Se compreendermos o campo jurídico como o conjunto de discursos e práticas que organizam e, em grande medida, forçam nossos modos de viver juntos, então, é urgente interrogá-lo quanto às razões do racismo ainda permanecer presente em nosso ethos. É preciso dizer o óbvio: não haverá ethos democrático enquanto houver racismo – uma das formas insidiosas do fascismo, juntamente com o machismo (fobia e violência às formas de vida não heteronormativas, em especial).
Esta hipótese é posta a trabalho a partir da obra Quarto de Despejo, de Carolina Maria de Jesus. “Diário de uma favelada”, a autora nomeia, explicitando tratar-se de um olhar particular e também de um relato testemunhal do horror cotidiano vivido não apenas por ela, mas por milhões de outras brasileiras e brasileiros situados à margem de seus direitos civis mais básicos. Fundamental ressaltar este ponto: não se trata apenas de habitar o inóspito quarto de despejo; trata-se de sobreviver privado de direitos civis, de condições básicas de vida.
O campo jurídico entra no diálogo como campo que não apenas organiza as narrativas que determinam como devemos viver juntos, mas que também coloca em movimento a própria invenção desses códigos impositivos. Quais ficções jurídicas autorizam o racismo? Quais são fabricadas para impedi-lo e o que impede, do ponto de vista afetivo e político, de efetivá-las? Como se dão as respostas singulares dos operadores do Direito ao racismo?

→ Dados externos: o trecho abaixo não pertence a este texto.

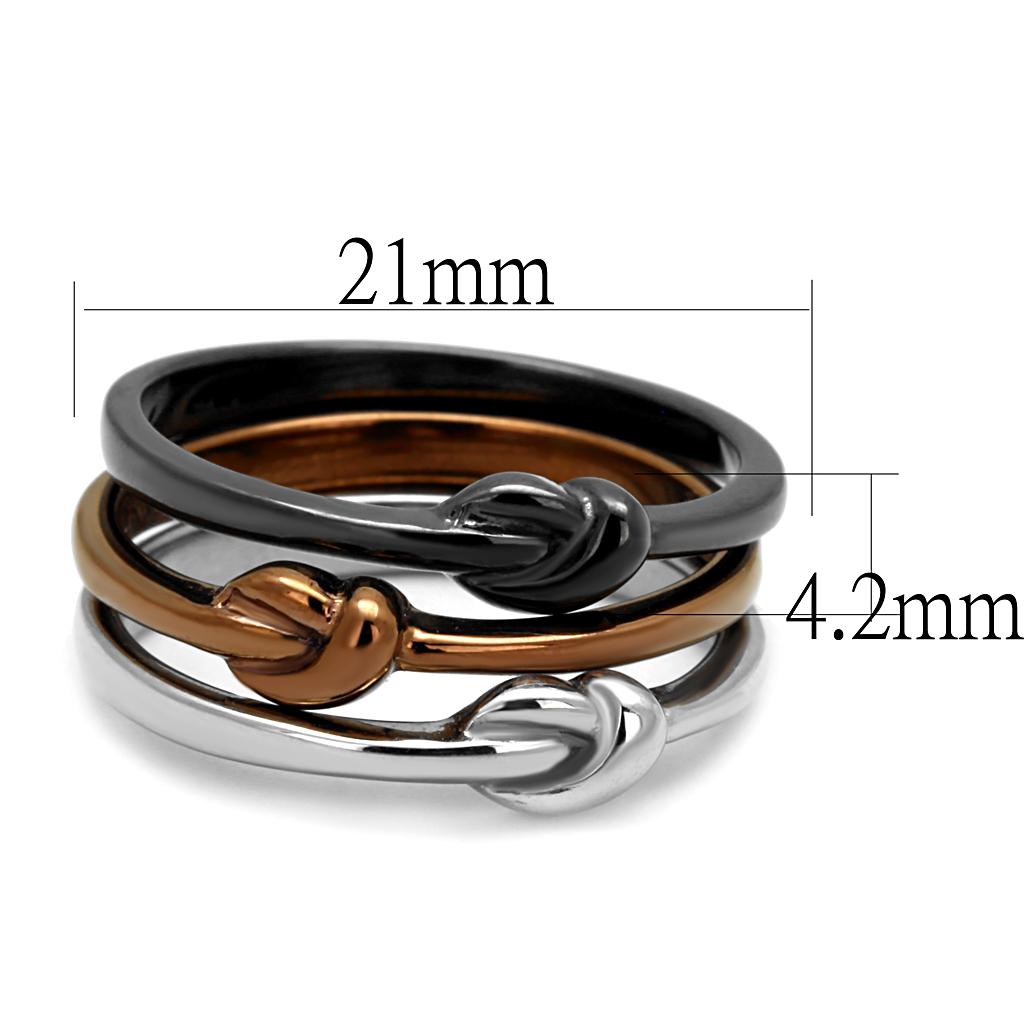 TK2648 - Three Tone IPï¼ˆIP Light Coffee & IP Light Black & High Polished) Stainless Steel Ring with No Stone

O(A) leitor(a) encontrará algumas respostas a essas questões, mas também as estratégias de manter viva a crítica que nos auxilia a não naturalizar uma prática social perversa. O convite aqui é para que se sustente o enigma que nos convida a problematizar o racismo, colocá-lo em questão, entender melhor as raízes que o alimentam, para que possamos, finalmente, desconstrui-lo.